In a series of quick swipes, it lets you get through naming a site, upload images, choosing a theme, and publishing your first post. If you want to get fancier, you can also take photos and alter them with a set of filters, or shoot videos to publish.

The admin interface lets users manage multiple sites, and comes with some of the core features from its home site, including comment moderation, and form creation for surveys, contact lists and submissions (which will all also work on mobile).

The free app is available (here) for iPhone now and Android later, cofounders Dan Veltri and David Rusenko tell me. Language support is currently available for English, French, Spanish, German, Portuguese, Italian, Chinese and Dutch.

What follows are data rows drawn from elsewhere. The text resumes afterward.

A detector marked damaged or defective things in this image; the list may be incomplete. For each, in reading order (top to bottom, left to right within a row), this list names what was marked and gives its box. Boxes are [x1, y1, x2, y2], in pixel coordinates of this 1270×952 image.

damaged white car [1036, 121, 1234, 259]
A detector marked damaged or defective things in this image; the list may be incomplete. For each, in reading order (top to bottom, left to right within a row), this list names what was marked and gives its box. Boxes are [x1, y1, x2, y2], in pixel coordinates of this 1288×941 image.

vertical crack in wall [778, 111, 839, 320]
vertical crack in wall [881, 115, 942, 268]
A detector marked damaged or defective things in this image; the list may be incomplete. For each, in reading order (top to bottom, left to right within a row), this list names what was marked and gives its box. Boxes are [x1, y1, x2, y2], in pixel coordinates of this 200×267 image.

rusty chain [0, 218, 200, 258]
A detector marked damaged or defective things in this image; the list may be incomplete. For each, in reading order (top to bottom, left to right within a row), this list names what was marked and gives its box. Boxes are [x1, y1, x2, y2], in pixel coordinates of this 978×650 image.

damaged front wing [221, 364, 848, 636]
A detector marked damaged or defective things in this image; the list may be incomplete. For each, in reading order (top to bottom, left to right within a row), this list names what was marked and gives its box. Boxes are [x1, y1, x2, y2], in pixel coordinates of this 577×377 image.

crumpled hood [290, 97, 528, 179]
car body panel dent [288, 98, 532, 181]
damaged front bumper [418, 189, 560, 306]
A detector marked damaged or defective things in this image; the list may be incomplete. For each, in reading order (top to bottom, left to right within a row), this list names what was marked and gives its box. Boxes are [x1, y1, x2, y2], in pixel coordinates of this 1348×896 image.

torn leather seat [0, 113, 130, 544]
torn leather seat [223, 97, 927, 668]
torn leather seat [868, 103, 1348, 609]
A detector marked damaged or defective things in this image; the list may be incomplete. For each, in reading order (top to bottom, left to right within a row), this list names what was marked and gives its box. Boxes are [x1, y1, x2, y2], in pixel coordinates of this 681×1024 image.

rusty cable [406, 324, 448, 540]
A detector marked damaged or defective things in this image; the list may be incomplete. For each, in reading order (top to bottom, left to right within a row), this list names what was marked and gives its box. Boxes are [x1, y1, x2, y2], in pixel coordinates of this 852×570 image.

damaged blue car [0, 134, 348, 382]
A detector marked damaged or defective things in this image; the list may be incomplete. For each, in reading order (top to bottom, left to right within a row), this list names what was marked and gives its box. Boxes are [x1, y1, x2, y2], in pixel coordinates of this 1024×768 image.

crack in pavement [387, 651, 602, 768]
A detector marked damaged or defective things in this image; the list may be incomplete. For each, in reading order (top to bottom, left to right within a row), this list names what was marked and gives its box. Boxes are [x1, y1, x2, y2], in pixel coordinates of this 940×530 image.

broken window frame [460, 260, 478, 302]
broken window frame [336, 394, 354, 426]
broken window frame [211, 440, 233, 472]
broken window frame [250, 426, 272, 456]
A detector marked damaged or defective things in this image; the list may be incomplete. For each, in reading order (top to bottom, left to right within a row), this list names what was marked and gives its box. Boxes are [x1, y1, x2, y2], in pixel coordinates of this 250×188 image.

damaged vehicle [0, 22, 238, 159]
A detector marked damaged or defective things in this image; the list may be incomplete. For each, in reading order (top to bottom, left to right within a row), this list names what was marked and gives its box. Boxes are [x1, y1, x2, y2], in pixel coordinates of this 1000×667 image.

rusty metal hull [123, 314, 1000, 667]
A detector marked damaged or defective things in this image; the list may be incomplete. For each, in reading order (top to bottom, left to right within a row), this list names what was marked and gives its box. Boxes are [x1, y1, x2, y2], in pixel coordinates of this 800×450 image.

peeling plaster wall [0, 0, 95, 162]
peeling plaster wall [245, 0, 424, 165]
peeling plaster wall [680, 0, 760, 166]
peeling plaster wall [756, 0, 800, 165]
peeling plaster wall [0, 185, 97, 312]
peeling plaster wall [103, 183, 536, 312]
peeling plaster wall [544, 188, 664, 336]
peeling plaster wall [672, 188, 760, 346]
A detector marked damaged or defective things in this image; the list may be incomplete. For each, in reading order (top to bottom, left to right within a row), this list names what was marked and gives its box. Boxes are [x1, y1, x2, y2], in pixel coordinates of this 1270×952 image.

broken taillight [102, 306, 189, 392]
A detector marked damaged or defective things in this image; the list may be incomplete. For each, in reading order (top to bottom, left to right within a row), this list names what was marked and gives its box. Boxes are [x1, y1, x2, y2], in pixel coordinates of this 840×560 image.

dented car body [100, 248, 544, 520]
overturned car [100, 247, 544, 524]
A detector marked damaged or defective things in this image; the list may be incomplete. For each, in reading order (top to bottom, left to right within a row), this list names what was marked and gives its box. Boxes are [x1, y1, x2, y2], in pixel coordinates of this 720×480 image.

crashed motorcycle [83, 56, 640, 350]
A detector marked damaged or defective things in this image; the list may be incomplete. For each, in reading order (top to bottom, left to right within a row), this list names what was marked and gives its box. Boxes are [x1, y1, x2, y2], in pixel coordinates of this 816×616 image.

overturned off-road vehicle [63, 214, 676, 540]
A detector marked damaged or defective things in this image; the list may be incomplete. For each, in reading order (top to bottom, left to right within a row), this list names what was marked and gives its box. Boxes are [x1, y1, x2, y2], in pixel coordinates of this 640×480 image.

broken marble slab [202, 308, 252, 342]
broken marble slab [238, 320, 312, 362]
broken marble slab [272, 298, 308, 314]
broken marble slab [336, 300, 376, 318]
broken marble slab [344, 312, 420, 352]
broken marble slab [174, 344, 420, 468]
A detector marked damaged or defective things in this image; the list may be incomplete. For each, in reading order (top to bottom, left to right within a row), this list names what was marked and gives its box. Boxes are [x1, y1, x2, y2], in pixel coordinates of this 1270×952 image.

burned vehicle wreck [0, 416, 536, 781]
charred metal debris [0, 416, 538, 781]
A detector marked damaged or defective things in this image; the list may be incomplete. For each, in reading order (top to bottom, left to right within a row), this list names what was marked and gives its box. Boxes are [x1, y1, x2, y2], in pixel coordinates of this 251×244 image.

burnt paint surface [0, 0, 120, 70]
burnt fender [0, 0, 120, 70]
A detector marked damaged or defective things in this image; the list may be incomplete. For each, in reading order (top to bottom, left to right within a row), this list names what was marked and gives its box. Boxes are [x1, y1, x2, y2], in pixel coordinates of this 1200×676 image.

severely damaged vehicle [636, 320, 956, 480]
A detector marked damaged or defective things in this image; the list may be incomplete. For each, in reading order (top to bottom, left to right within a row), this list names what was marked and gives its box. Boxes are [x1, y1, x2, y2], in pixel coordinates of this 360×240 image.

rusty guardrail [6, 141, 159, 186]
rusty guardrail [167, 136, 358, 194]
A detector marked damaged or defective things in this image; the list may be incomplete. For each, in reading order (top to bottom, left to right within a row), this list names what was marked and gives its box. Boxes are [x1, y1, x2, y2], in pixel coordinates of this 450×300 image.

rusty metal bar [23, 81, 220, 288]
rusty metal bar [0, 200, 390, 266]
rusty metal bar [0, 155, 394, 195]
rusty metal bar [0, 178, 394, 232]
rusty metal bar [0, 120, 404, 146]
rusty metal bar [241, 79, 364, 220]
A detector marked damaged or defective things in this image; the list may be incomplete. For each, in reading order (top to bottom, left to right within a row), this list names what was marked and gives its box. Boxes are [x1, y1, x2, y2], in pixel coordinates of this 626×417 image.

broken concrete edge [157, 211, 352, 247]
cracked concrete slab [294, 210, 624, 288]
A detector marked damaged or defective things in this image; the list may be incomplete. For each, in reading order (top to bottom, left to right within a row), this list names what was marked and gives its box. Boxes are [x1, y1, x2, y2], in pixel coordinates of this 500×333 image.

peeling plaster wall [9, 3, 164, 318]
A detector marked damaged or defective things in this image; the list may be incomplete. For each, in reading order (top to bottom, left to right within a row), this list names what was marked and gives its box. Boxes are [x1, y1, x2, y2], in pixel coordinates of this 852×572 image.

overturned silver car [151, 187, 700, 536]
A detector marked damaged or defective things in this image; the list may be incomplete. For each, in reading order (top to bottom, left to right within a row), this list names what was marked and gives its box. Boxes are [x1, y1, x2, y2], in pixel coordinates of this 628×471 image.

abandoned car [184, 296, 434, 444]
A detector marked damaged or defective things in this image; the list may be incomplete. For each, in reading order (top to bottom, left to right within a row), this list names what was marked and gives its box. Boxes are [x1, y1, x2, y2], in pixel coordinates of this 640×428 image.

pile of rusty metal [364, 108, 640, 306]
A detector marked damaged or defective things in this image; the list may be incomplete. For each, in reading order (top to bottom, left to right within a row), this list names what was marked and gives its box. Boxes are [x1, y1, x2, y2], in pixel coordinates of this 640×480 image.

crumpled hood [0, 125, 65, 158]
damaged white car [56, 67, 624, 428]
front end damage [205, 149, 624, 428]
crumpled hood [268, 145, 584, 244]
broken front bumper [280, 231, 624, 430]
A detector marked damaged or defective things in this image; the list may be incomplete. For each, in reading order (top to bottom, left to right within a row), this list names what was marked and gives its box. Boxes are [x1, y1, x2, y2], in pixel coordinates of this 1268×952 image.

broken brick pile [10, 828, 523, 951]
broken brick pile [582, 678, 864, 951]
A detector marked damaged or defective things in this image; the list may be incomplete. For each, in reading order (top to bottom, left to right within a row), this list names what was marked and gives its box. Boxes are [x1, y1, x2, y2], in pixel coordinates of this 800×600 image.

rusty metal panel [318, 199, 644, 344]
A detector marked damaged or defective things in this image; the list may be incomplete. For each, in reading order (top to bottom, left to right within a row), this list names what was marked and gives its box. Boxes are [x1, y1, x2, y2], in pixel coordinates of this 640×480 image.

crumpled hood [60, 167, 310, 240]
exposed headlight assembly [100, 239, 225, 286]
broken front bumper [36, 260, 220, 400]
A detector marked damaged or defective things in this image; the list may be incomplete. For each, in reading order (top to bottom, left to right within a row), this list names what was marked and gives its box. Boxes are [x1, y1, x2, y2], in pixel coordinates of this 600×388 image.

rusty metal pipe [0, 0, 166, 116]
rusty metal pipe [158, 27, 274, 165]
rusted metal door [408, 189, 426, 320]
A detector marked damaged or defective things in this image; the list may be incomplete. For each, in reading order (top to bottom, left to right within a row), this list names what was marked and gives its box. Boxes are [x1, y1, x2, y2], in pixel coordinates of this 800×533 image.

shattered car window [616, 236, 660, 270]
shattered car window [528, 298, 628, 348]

Web-savvy folks may not realize it, but many organizations still lack a strong online and mobile presence. For example, Frederic recently covered an industry study showing that 95% of independent restaurants don’t have a mobile site, and only 40% have online menus.

Yes, there are a number of other companies out there that let people set up their own sites. But Tumblr is more of a social network, Facebook and Twitter accounts are more about getting distribution than providing a full set of features, and heavier-duty blog platforms like WordPress require more work to set up and maintain.

Weebly’s main competitors are companies like Wix and Webs.com — or, rather, the lack of awareness among categories of users like those poor independent web site owners.

It’s making big inroads, though, which is why I keep hearing those revenue rumors. Since launching in 2007, it has gained 11 million registered users (people who have set up web sites), and accounts for around 2% of all sites on the web. Traffic is around 75 million unique visitors a month. Its net promoter score — an industry calculation of how likely users are to recommend a service to others — is an unusually high 80%.

Its revenues, which come from special features like e-commerce stores, have made the company profitable since January of 2009, the cofounders tell me from their awesome new offices downtown — and “very profitable” today.